Am 28.Juni wurde der frühere jugoslawische Staatspräsident an das UN-Kriegsverbrechertribunal in Den Haag ausgeliefert.
Diese Auslieferung fand am Jahrestag der Schlacht auf dem Amselfeld von 1389 statt, in der die christlichen Heere der Region unter serbischer Führung von den osmanischen Truppen aufgerieben wurden und diese Region für mehrere Jahrhunderte Teil des osmanischen Reiches wurde. Die Schlacht auf dem in Kosova gelegenen Amselfeld (Kosovo Polje) hat für die serbische Nationalbewegung einen Doppelcharakter. Einerseits symbolisiert sie den Kampf gegen Fremdherrschaft überhaupt, andererseits dient sie bis heute als Rechtfertigung des serbischen Anspruchs auf diese überwiegend -- und heute fast ausschließlich -- von Albanern bewohnte Region. Daß Milosevic ausgerechnet an diesem Jahrestag an eine Institution derjenigen ausgeliefert wurde, die vor zwei Jahren ihre Herrschaft über die Region durch die Bombardierung Serbiens bekräftigten, hat eine besondere Symbolik. 1989 hatte Milosevic an gerade diesem Ort mit einer Ansprache vor einer nationalistisch aufgeheizten Menge von Serben aus dem Kosova die Basis für den weiteren Verlauf des Konfliktes zwischen der serbischen Staatsmacht und der kosovarisch-albanischen Nationalbewegung gelegt und damit den imperialistischen Mächten eine günstige Gelegenheit für ihre militärische Einmischung unter dem Deckmantel der Menschenrechte verschafft.
Es kann kein Zweifel daran bestehen, daß an den Händen Milosevis Blut klebt. Sein Regime war eines jener staatskapitalistischen Regime im Übergang zum ordinären Privatkapitalismus und erfreute sich als solches auch lange genug des Komplizentums der Imperialisten. Das änderte sich, als er sich einerseits als nicht in der Lage erwies, die Stabilität des ehemaligen Jugoslawiens zu wahren und anderseits den Prozess der Auslieferung des Landes an das primär ausländische Kapital zu behutsam verfolgte.

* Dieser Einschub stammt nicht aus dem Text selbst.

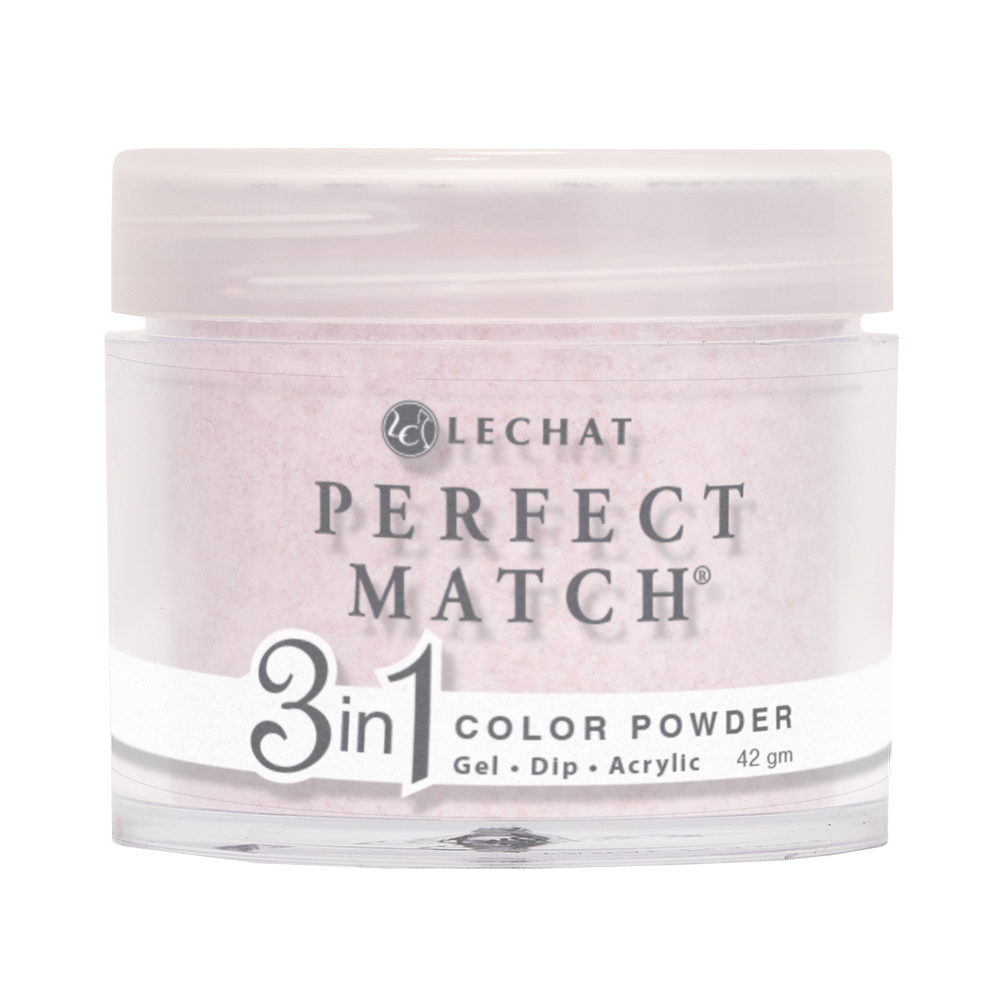 LeChat Perfect Match Dip Powder - Here's To You 1.48 oz - #PMDP075N LeChat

Sich der Opposition einer Bevölkerung bedienend, die schließlich von Korruption, Unterdrückung, Manipulierung demokratischer Rechte, der sich dramatisch verschlechternden wirtschaftlichen Lage und von einem weiteren verlorenen Krieg die Nase voll hatte, gelang es dem Imperialismus unter Einsatz beträchtlicher finanzieller Mittel einerseits und unverholener ökonomischer und politischer Erpressung andererseits, ihm ergebenere Gestalten an die Macht zu bringen. In erster Linie ist hier Ministerpräsident Djindjic zu nennen, der von den imperialistischen Medien als 'Demokrat' verkauft wird. Das hat ihn, der sich seitdem Milosevic betreffend als Kopfgeldjäger profiliert, allerdings nicht daran gehindert, die Aussetzung der Auslieferung von Milosevic nach Den Haag durch das jugoslawische Verfassungsgericht souverän zu ignorieren.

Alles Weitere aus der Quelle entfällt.